And, as if to rub it in, Wharton was able to flaunt a key endorsement Friday — on the very eve of Byrd’s headquarters opening. It came from state Senator Jim Kyle, who thereby got on the same bandwagon as his three Democratic colleagues in the Senate — Steve Cohen, Roscoe Dixon, and John Ford — at a press conference choreographed to suggest a united front and irresistible momentum for the Shelby County public defender, last Democrat to enter the mayor’s race.

(Ford and Dixon, who had previously made their preferences known, were absent from the press conference; Cohen was present.)

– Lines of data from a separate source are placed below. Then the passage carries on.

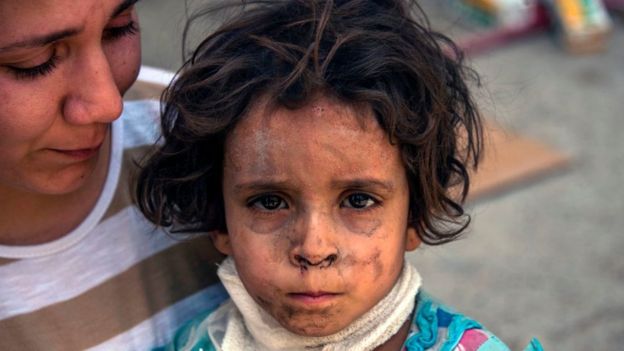 Menina ferida em Mossul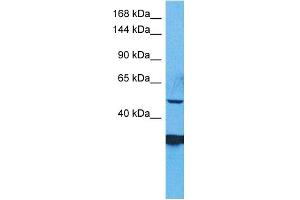 WB Suggested Anti-ZSC29 antibody Titration: 1 ug/mL Sample Type: Human RPMI-8226 Whole Cell (ZSCAN29 抗体  (Middle Region))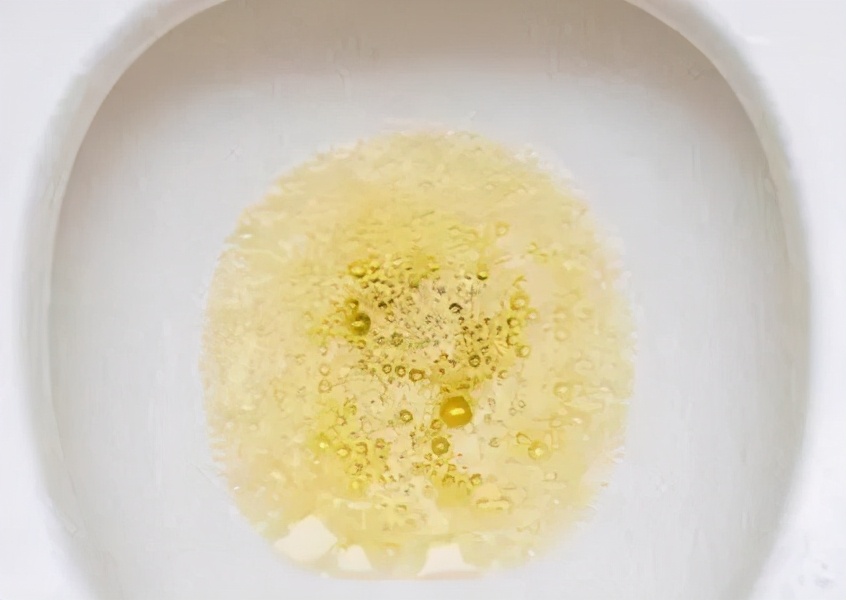 有蛋白尿就一定是肾病吗,出现蛋白尿是不是说明肾脏有损伤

Kyle, who had been the first to announce his interest in running for mayor early last year and the first (and so far the only) candidate to withdraw, had been talking privately for some time about what he saw as Wharton’s good chances for election. Thursday he described Wharton as “better” than other “good” candidates.

The two recipients of this left-handed compliment were Byrd, of course, and state Representative Carol Chumney, who had not yet convinced most onlookers that she’s a serious player — even though she has quietly picked up endorsements from the Shelby County Women’s Caucus and the AFL-CIO and could even be more of a sleeper than a spoiler.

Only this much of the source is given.